Terlebih ketika Ahok dan pendukungnya sangat berperan besar di lingkar Megawati, makin meyakinkan HRS dan FPI bersikap waspada. Ahok dinilai menjadi bagian operator misi politik Megawati dan Jokowi di Pilgub Jakarta.
Tak heran, Ahok tampil mengirim pesan ke ruang publik mengantarkan Pramono Anung saat mendaftar ke KPUD. Momen itu dipamerkan oleh PDIP untuk menegaskan Ahok, Megawati dan Jokowi sangat solid.
Kekalahan di Pilgub 2017, tampaknya menyimpan dendam politik yang sangat membara bagi Ahok, Mega, PDIP, Jokowi dan loyalisnya.
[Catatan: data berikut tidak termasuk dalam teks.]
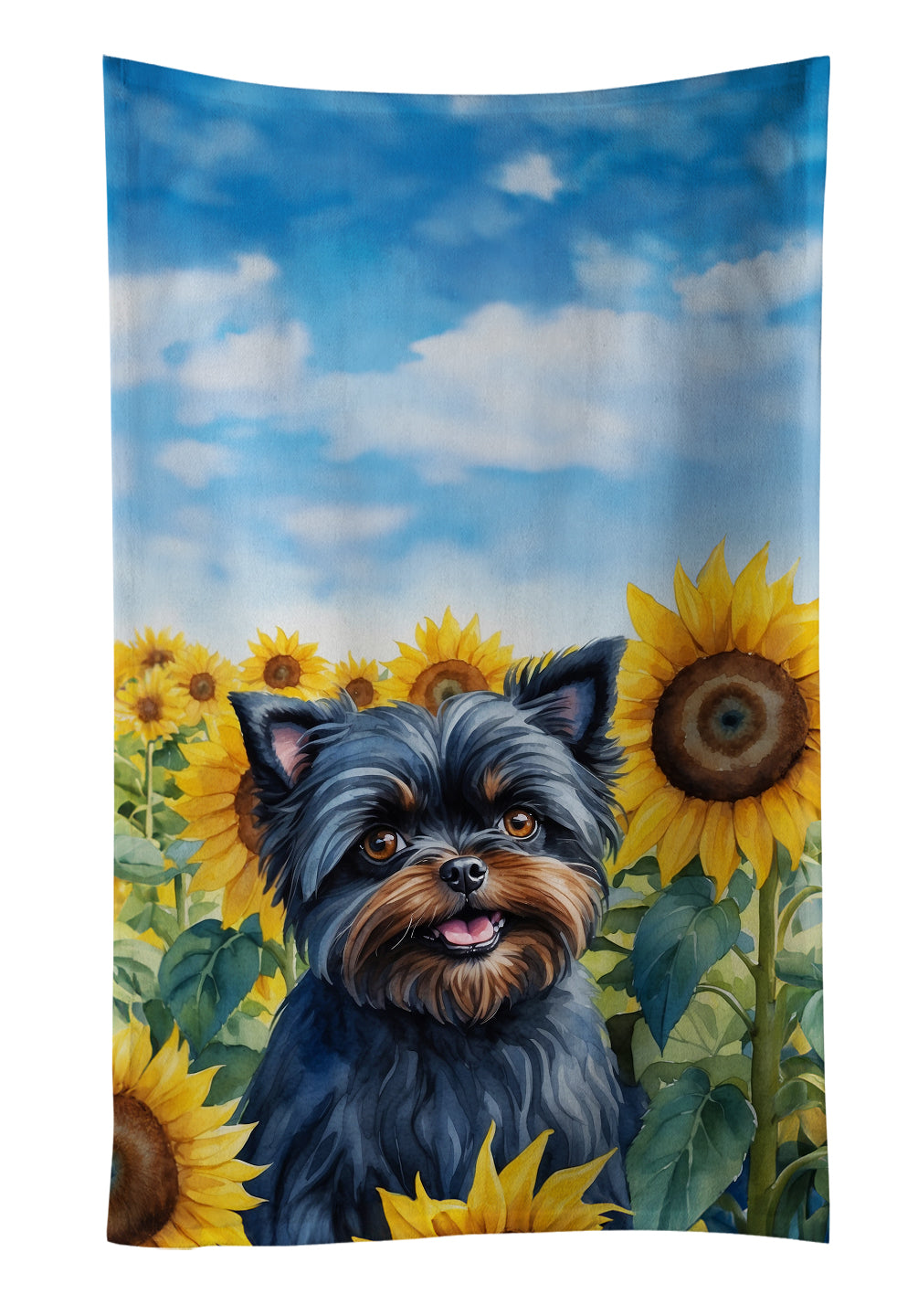 Buy this Affenpinscher in Sunflowers Kitchen Towel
HRS dan elemen 212 tanpa henti difitnah sebagai kelompok intoleran dan radikal.
Bahkan Prabowo, Gerindra dan PKS yang saat itu mengusung Anies, menjadi sasaran amuk kebencian Ahoker dan Jokower. Rupa macam cara dilakukan untuk memisahkan PKS, Prabowo dan Anies. Demi tujuan memuluskan siasat jahat.
Kini, semakin terang. Jokowi berperan menyandera elite partai agar mengunci peluang Anies maju di Pilgub DKI. Sementara Ahok, Mega dan PDIP menyiapkan Pramono Anung sebagai ‘gerobak politik’ barunya. Tidak lain untuk merebut kembali kekalahan mereka di tahun 2017.
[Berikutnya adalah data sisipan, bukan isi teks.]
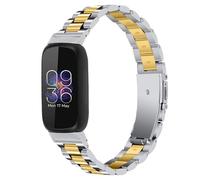 Lorheyar Bracelets Classique en Métal Compatible avec Fitbit Inspire 3, Bracelet De Sport De Remplacement en Acier Inoxydable Compatible avec Inspire 3 Traqueur D'activitéC,1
HRS, elemen 212 dan warga DKI Jakarta yang loyal kepada Anies dan terzalimi, tentu tidak diam. Sangat dilematis: Membiarkan Ridwan Kamil kalah, atau bersama Prabowo dan KIM untuk mencegah permainan kotor Jokowi dan Megawati?
Peta kemenangan Pilgub Jakarta tergantung HRS dan jejaring elemen 212. Prabowo dan KIM terlanjur mengusung RK – Suswono, bukan Anies. Tapi, membiarkan PDIP, Ahok, Jokowi dan Mega menangkan Pramono, tentu fatal.
Umat menanti keputusan HRS…!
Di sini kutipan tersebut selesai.